Mr Heimann and Mr Toltschin worked for Kaiser, a sub-contracting business in the motor industry employing several hundred employees. In 2009, owing to financial difficulties, the company decided to reduce its staff numbers and dismissed Mr Heimann and Mr Toltschin on 30 June and 31 August 2009, respectively.
However, after coming to an agreement as part of a social plan with its works council, the men’s contracts were extended for exactly one year on a ‘zero hours short-time working’ contract.
Although the men were not obliged to work and Kaiser was not obliged to pay them a salary, it meant they were entitled to an allowance from the Federal Employment Agency which the employer paid and which replaced their salary for the duration of the short-term contract.
When the contracts came to an end, the two men claimed compensation for annual leave not taken in 2009 and 2010. Kaiser claimed that, during the period of ‘zero hours short-time working’, they did not acquire any rights to paid annual leave.
Decisions of lower courts
The German court, the Abereitsgericht Passau, asked the CJEU to decide whether the “pro rata temporis” rule (under which workers only accrue paid annual leave for the time they actually work) was compatible with European law.
Decision of CJEU
The CJEU noted that the entitlement to paid annual leave was a particularly important principle of European Union social law, which member states could not interpret restrictively.
It also pointed out that EU law precluded national legislation or practices that did not provide an allowance in lieu of paid annual leave to a worker off sick for the whole or part of the leave year, on termination of the employment relationship.
However, it then went on to say that the situation of a worker on short-time working was “fundamentally different” to that of a worker unable to work as a result of an illness.

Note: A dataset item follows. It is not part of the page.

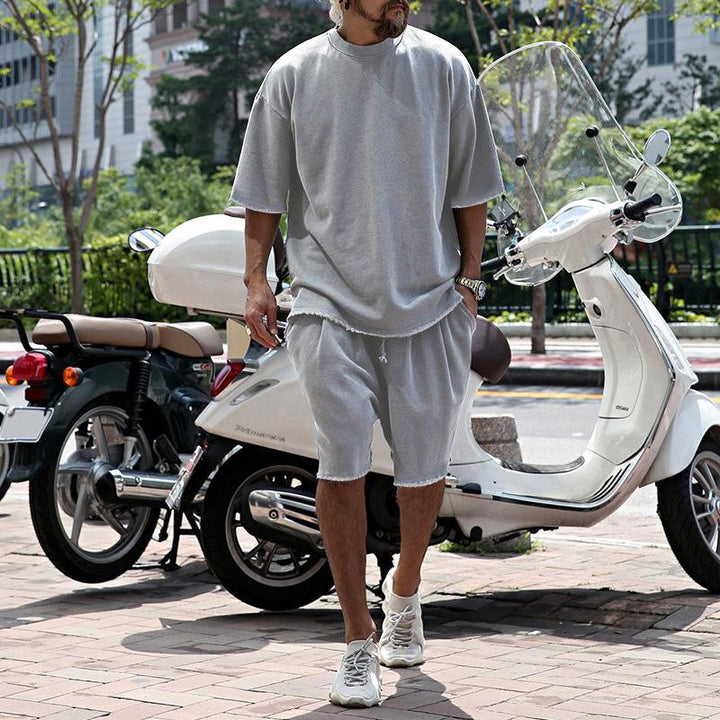 Emil - Men's Fit Short Sleeve Tee and Shorts Set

First of all, short-time working was part of an agreement between the employer and the employees’ representatives, which allowed for “the suspension ... of the reciprocal obligations of the employee and the employer as regards work and salary”. Secondly, workers on short time were free to do what they liked with their spare time, unlike workers on sick leave.

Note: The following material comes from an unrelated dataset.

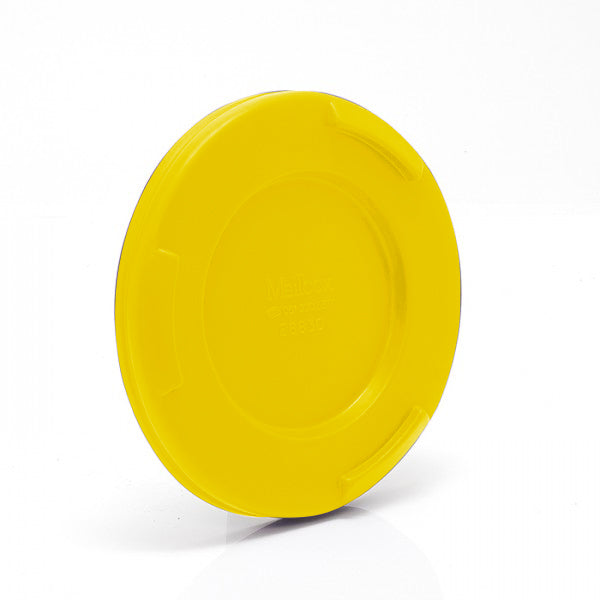 Yellow drop on tub lid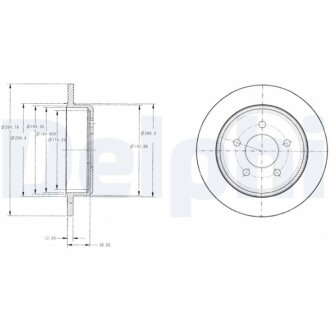Гальмівні диски FORD EXPLORER Delphi BG3595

Finally, it said that if employers had to pay annual leave during the period of short-time working, they would be much less likely to agree to a social plan under which the contract of employment was extended for purely social reasons, in the interests of the worker.

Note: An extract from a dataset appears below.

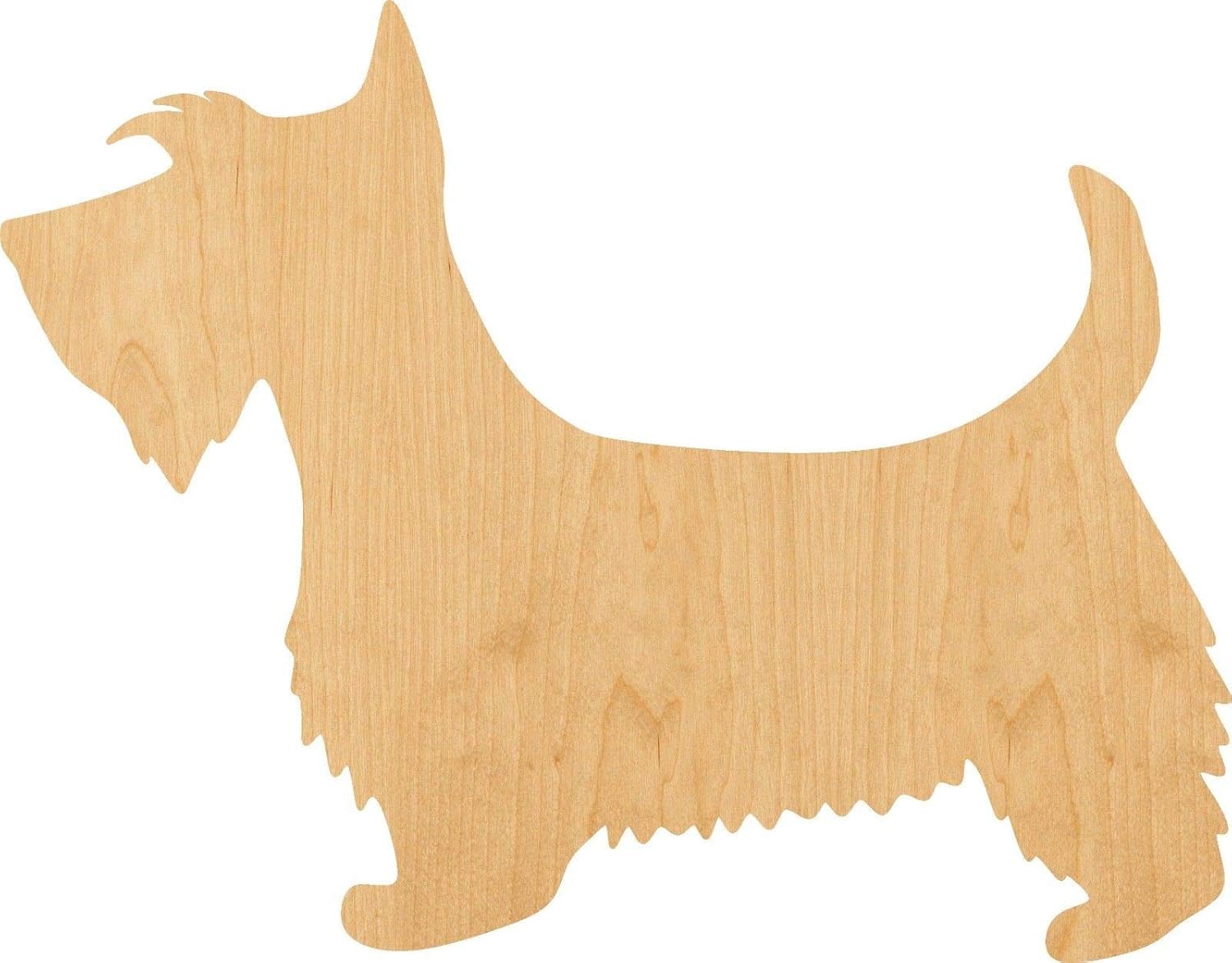 Woodcraft Scottie Dog Laser Cut Out Wood Shape(Thickness 1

However, although their situation was different to someone on sick leave, the CJEU said it was comparable to that of a part-time worker and paid annual leave should therefore be reduced proportionally to the reduction in working time.
The CJEU has confirmed the entitlement of all workers to paid annual leave. Mr Heimann and Mr Toltschin were on zero hours contracts so that if they did not work, they were not paid. The CJEU said that such a working situation was comparable to that of a part-time worker, rather than a worker who is unable to work by reason of ill health, and so the annual leave entitlement must be calculated pro rata the time worked over the leave year or reference period.